• **Task instructions**
Copy exactly, please, each line of the data below until the line that contains "Guayaquil en la noche" has been copied, beginning at the top.

• **Recorded data**
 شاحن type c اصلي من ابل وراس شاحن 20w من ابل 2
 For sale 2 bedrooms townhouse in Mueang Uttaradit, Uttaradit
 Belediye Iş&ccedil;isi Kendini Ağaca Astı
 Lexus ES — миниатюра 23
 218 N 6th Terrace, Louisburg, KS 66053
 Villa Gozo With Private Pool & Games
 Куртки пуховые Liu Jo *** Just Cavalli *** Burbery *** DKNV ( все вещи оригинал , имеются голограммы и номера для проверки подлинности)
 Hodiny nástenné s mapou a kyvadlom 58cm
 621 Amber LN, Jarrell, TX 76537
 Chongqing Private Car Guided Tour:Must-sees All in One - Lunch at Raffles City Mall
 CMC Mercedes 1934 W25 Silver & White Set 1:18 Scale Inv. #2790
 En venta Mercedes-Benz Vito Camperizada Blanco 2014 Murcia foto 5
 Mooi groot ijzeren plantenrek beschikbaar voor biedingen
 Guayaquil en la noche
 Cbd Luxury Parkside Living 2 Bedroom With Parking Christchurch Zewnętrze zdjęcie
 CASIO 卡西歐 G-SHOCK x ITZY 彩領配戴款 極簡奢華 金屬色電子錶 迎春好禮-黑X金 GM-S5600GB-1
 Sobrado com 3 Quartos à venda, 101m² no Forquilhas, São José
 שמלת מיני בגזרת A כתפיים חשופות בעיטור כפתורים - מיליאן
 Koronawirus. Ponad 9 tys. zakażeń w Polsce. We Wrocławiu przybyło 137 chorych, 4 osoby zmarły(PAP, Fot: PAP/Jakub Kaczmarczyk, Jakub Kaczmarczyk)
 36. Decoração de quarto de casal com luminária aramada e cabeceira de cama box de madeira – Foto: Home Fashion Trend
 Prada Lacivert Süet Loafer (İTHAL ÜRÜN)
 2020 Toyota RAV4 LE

• **Answer below**
 شاحن type c اصلي من ابل وراس شاحن 20w من ابل 2
 For sale 2 bedrooms townhouse in Mueang Uttaradit, Uttaradit
 Belediye Iş&ccedil;isi Kendini Ağaca Astı
 Lexus ES — миниатюра 23
 218 N 6th Terrace, Louisburg, KS 66053
 Villa Gozo With Private Pool & Games
 Куртки пуховые Liu Jo *** Just Cavalli *** Burbery *** DKNV ( все вещи оригинал , имеются голограммы и номера для проверки подлинности)
 Hodiny nástenné s mapou a kyvadlom 58cm
 621 Amber LN, Jarrell, TX 76537
 Chongqing Private Car Guided Tour:Must-sees All in One - Lunch at Raffles City Mall
 CMC Mercedes 1934 W25 Silver & White Set 1:18 Scale Inv. #2790
 En venta Mercedes-Benz Vito Camperizada Blanco 2014 Murcia foto 5
 Mooi groot ijzeren plantenrek beschikbaar voor biedingen
 Guayaquil en la noche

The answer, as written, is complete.